Crowley's All-electric Tug eWolf Starts Sea Trials

Video screen capture from video shared by Crowley on social media.

The first all-electric tugboat built in the United States, Crowley's eWolf, has started sea trials along the U.S. Gulf Coast.

The 82-foot ship assist tug, built by Coden, Ala. shipbuilder Master Boat Builders, is expected to enter service at the Port of San Diego in 2024. Video footage of the vessel on sea trials was shared by Crowley on social media.

The eWolf is designed to operate on full electric power, producing zero carbon emissions and expected 70 ton bollard pull strength. The vessel is equipped with an integrated electrical package provided by ABB, a 6.2 MWh Orca battery energy storage system from Corvus Energy and two electrically driven Schottel RudderPropellers type SRP 430 LE (2,050 kW each) featuring propeller diameters of 2.5 meters.

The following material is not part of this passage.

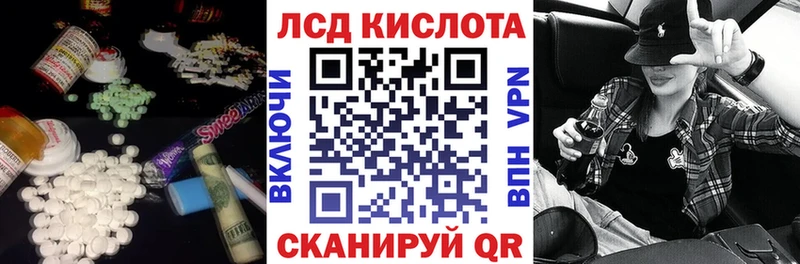 Лсд 25 экстази кислота  Мамоново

The vessel also has two small generators on board for emergency use and to enable long distance transits at a reduced speed.

The tug’s battery system will be charged at a specially designed shoreside station featuring two Corvus Orca BOBs (battery on board), the containerized version of the Corvus Orca ESS.

The vessel is designed to ABS class and compliant with U.S. Coast Guard Subchapter M regulations.

The Jones Act compliant all-electric tug—the first-of-its-kind in the U.S.—is a result of a partnership among Crowley, the San Diego County Air Pollution Control District, the California Air Resources Board, the Port of San Diego, the U.S. Environmental Protection Agency and the U.S. Maritime Administration, which all provided financial support and other resources.

Vessel owners and operators are increasingly considering hybrid and fully electric vessels as part of efforts to reduce emissions.

Crowley in 2021 announced its commitment to reach net-zero emissions across all scopes by 2050. The Jacksonville, Fla.-based company estimates it will reduce overall emissions by 4.2 million metric tons of greenhouse gases per year.